The problem
Retype only the stretch of lines that starts with the line containing "Cities, Population ..." and ends with the last line of the records, both included, exactly.
=== Data to process ===
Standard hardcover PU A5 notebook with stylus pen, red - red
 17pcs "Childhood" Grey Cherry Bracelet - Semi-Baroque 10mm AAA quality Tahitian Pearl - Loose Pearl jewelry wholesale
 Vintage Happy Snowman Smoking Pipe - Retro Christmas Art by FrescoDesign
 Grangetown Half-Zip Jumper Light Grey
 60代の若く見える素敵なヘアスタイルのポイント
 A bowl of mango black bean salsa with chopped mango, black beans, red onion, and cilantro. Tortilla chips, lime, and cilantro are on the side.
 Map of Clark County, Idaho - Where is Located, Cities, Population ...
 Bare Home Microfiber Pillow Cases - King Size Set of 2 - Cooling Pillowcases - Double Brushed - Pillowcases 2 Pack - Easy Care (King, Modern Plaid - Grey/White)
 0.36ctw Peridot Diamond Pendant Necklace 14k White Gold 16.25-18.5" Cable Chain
===
Solution for this problem
 Map of Clark County, Idaho - Where is Located, Cities, Population ...
 Bare Home Microfiber Pillow Cases - King Size Set of 2 - Cooling Pillowcases - Double Brushed - Pillowcases 2 Pack - Easy Care (King, Modern Plaid - Grey/White)
 0.36ctw Peridot Diamond Pendant Necklace 14k White Gold 16.25-18.5" Cable Chain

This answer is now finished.